2. A complex variable function $\displaystyle \varphi(s)$ analytic in $\displaystyle s=0$ can be written as...

$\displaystyle \varphi(s)=\sum_{n=0}^{\infty} a_{n}\cdot s^{n}$ (1)

If in (1) is $\displaystyle a_{0} \ne 0$ then $\displaystyle \frac{1}{\varphi(s)}$ is also analytic in $\displaystyle s=0$ and is...

$\displaystyle \frac{1}{\varphi(s)}=\sum_{n=0}^{\infty} d_{n}\cdot s^{n}$ (2)

A direct way to compute the $\displaystyle d_{n}$ from the $\displaystyle a_{n}$ is given by the identity we obtain combining (1) and (2)...

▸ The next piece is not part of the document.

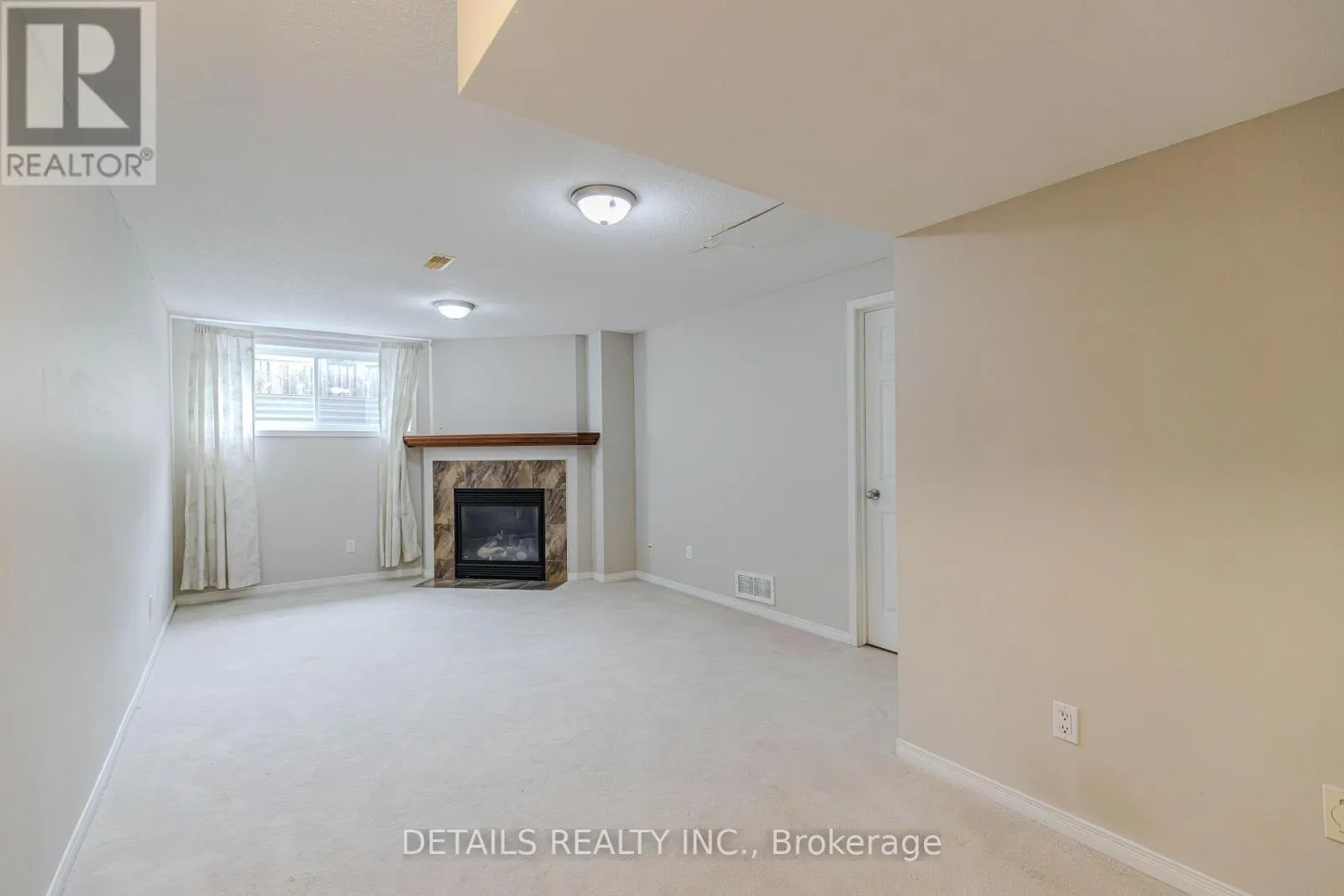 143 GATESPARK PRIVATE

$\displaystyle \varphi(s) \cdot \frac{1}{\varphi(s)} = \sum_{n=0}^{\infty} a_{n}\cdot s^{n} \cdot \sum_{n=0}^{\infty} d_{n}\cdot s^{n} = \sum_{n=0}^{\infty}s^{n}\cdot \sum_{k=0}^{n}a_{k}\cdot d_{n-k} = 1$ (3)

... so that is...

$\displaystyle \sum_{k=0}^{n} a_{k}\cdot d_{n-k}= \left\{\begin{array}{cc}1, &\mbox {if } n=0\\0, & \mbox {if } n>0\end{array}\right.$ (4)

If we perform the substitution of variable $\displaystyle s=\frac{1}{z}$ so that is...

$\displaystyle \lim_{z \rightarrow \infty} \varphi (z)= \lim_{s \rightarrow 0} \varphi (s)$

$\displaystyle \lim_{z \rightarrow \infty} \frac{1}{\varphi (z)}= \lim_{s \rightarrow 0} \frac{1}{\varphi (s)}$ (5)

The conclusion is that if...

$\displaystyle \lim_{s \rightarrow 0} \frac{\varphi(s)} {f(s)}=1$ (6)

... then it is also...

$\displaystyle \lim_{s \rightarrow 0} \frac{f(s)}{\varphi(s)} =1$ (7)

Kind regards

$\displaystyle \chi$ $\displaystyle \sigma$

3. ## idont

i dont understand y u prove (7)